Eu obedeci. Eu contei tudo o que tinha acontecido depois que saí da sala de teste. Desde quando Reece apareceu para me convidar para jantar, até comprar meu vestido e a refeição. Eu disse a ela que, apesar de constrangedor às vezes, nós não discutimos nada. E como ele terminou a noite com um beijo que eu não estava preparada para receber. Quando terminei, a boca dela estava aberta de espanto.
“Oh, minha Deusa.” Ela respirou. “Garota, o que você vai fazer se ele tentar isso de novo?”
“Eu não sei. Oh Deusa, por que ele só me quer para sexo? Por que ele não pode se apaixonar por mim?” Eu perguntei a ninguém em particular e agarrei minha cabeça em frustração.
“Você o ama?” Junípero parecia surpreso com minha pergunta e já adivinhava meu significado.
“Não posso evitar. O vínculo me fez gostar dele desde o início, e ele não é um cara mau.”
“Trindade! Olha o que o babaca te disse.” Ela gritou comigo.
“Eu sei, mas ele é um ótimo Alfa para a matilha, ele é justo e, quando ele não está intencionalmente sendo um idiota comigo, ele pode ser muito legal.”
“Você está inventando desculpas para ele.” Ela acusou.
“Não consigo evitar notar isso. Eu moro com ele. Eu vejo como ele é com todo mundo. E, para não mencionar, ele salvou minha vida várias vezes.”
“Síndrome do herói ou como é que chamam.” Ela colocou o dedo no queixo e pensou. “Síndrome de Estocolmo, é isso que você tem.”
“Isso é quando você se apaixona pelo seu sequestrador.” Eu ri dela.
“Síndrome de Florence Nightingale?” Ela perguntou.
“Não, isso é se apaixonar pelo seu profissional de saúde.” Eu estava rindo tanto dela tentando desacreditar minhas emoções que eu não estava mais me sentindo estressada.
“Tá bom, se não há uma síndrome em que você se apaixona pelo seu salvador simplesmente porque ele te salvou, então estou criando uma, você tem a Síndrome da Trindade.” Ela apontou para mim quando declarou isso.
“Por que dar meu nome? Não deveria ser culpa dele?”

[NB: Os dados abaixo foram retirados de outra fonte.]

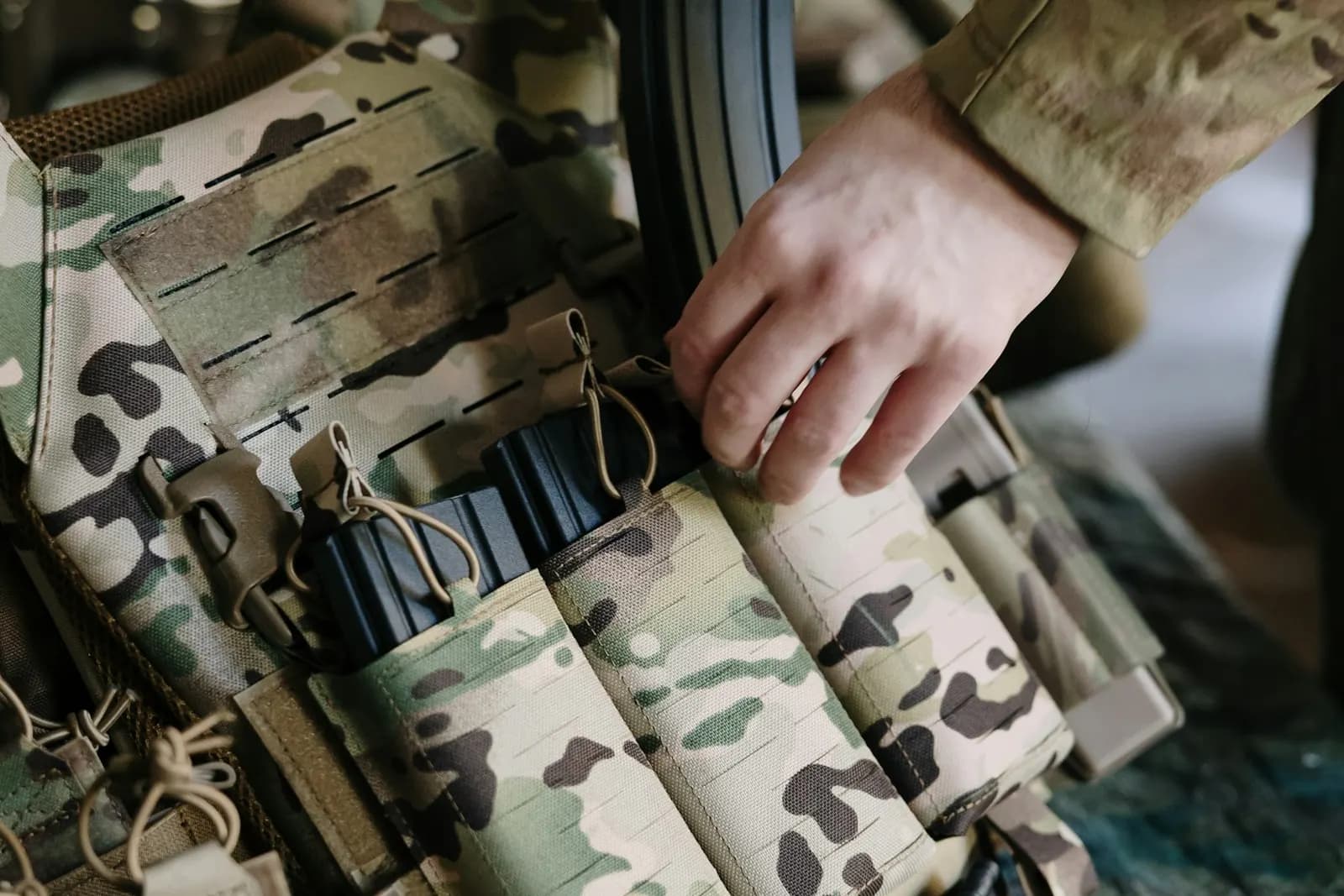 Joueur d'airsoft rangeant ses chargeurs dans les poches d'un gilet porte-plaques camouflage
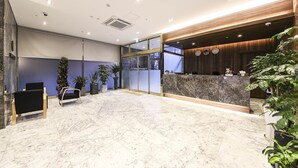 A hotel lobby with a marble floor, a reception desk, and several potted plants. - Incheon Hotel Bluemarine (Incheon)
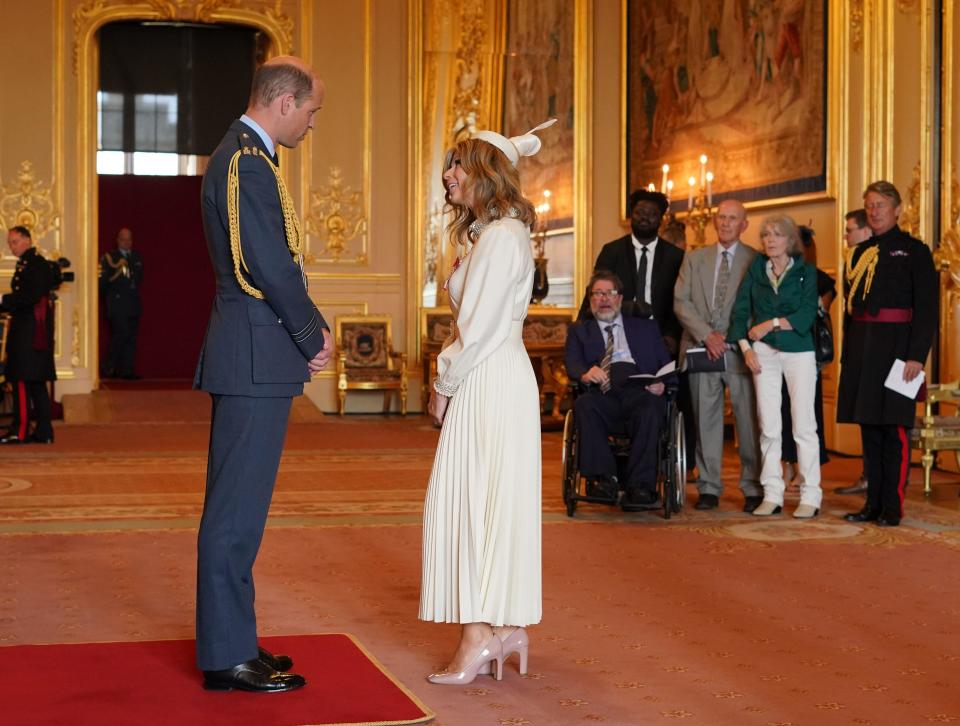 Kate Garraway, from London, is watched by her husband Derek Draper as she is made a Member of the Order of the British Empire by the Prince of Wales at Windsor Castle. The honour recognises services to broadcasting, to journalism and to charity. Picture date: Wednesday June 28, 2023.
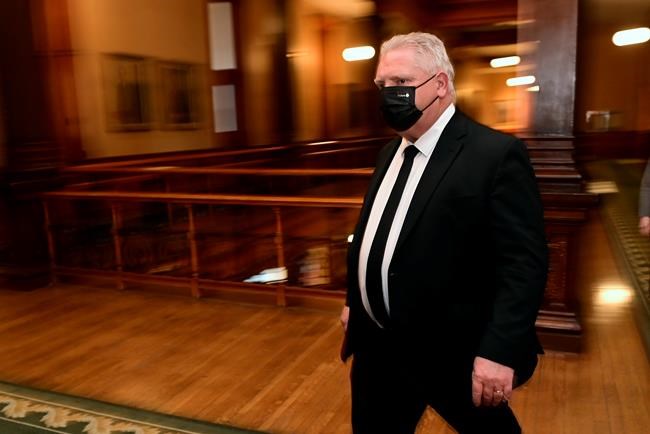 Ontario Premier Doug Ford walks to a press conference at Queen's Park in Toronto on Friday, April 16, 2021. THE CANADIAN PRESS/Frank Gunn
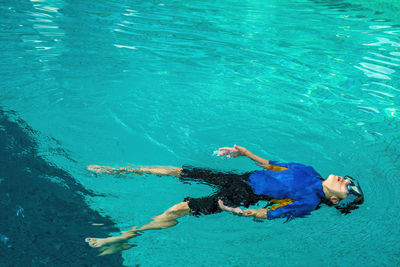 Man swimming in sea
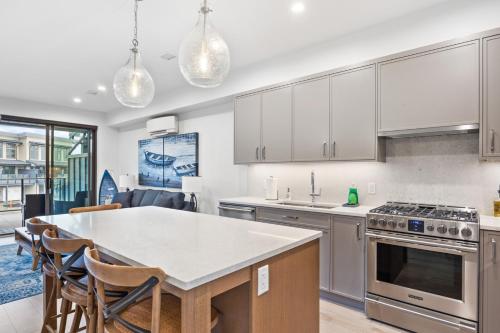 a kitchen with white cabinets and a table with chairs at Seas The Day Saratoga at THE BEACH HOUSE in Campbell River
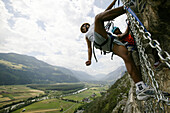 Zwei Männer klettern in Spinnennetz bei Crazy Eddy in Silz, Haiming im Hintergrund, Tirol, Österreich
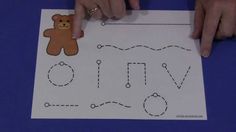 someone is making a paper cutout with a teddy bear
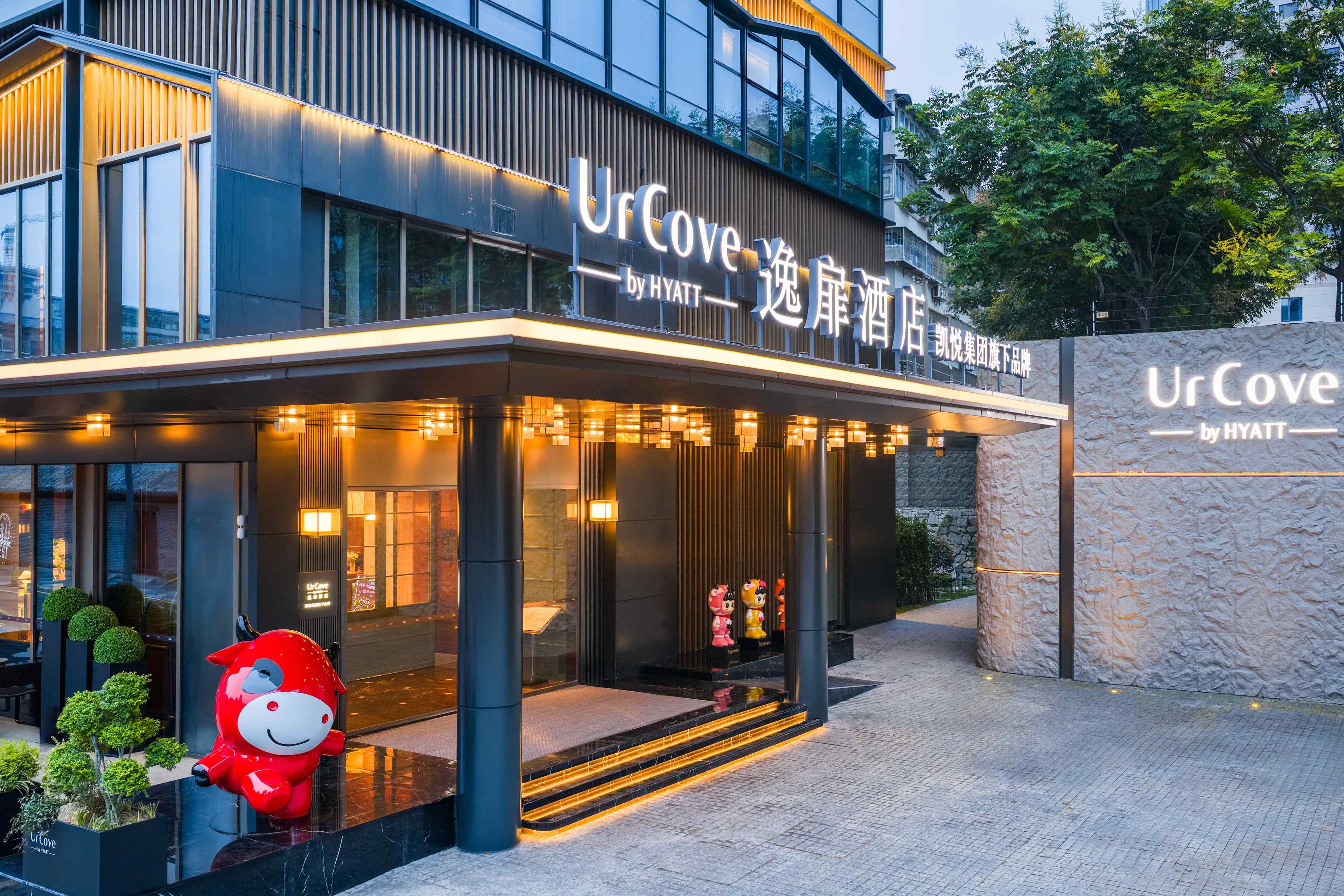 A hotel entrance with a modern design, featuring a large illuminated sign, a welcoming entrance with steps, and a decorative red figure outside.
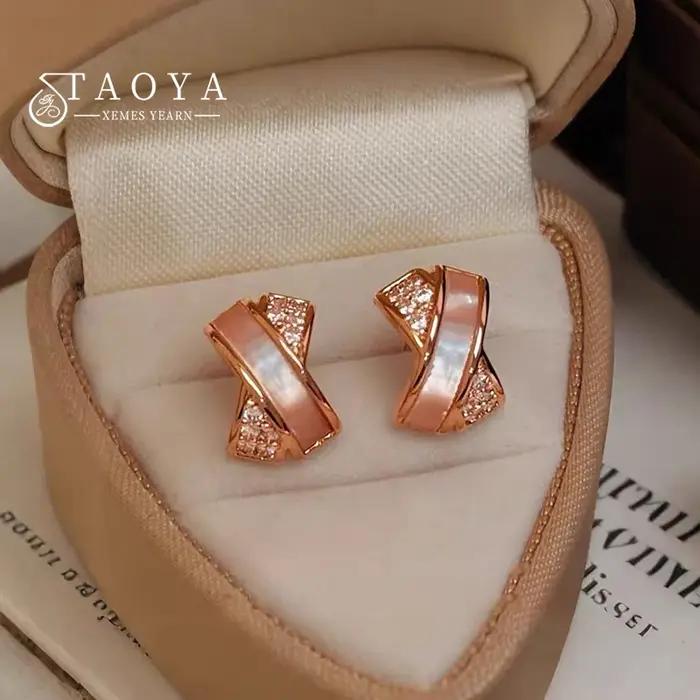 Boucles d'oreilles miniatures en métal couleur or rose avec zircon en forme de coquille entrecroisée pour femme – Bijou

“Síndrome do Reece?” Ela perguntou. “Não tem o mesmo charme, além disso, tudo com ele provavelmente nunca te trará paz.”
“Sem paz?” Eu ri. “Sem Síndrome do Reece, então não tenho paz, ou pedaços.” Eu comecei a rir tanto que não conseguia me sentar.
“Oh Deusa, Trindade, nunca fale comigo sobre os pedaços do Reece. Não, espera, risque isso. Me conte tudo sobre eles. Aquele homem é lindo.” Ela estava corada e rindo tanto que mal conseguia entender uma palavra que ela disse.
“Eu ainda nem vi os pedaços do Reece, então cala a boca.” Eu corei. Eu sabia que meu rosto devia estar vermelho-carmesim de constrangimento.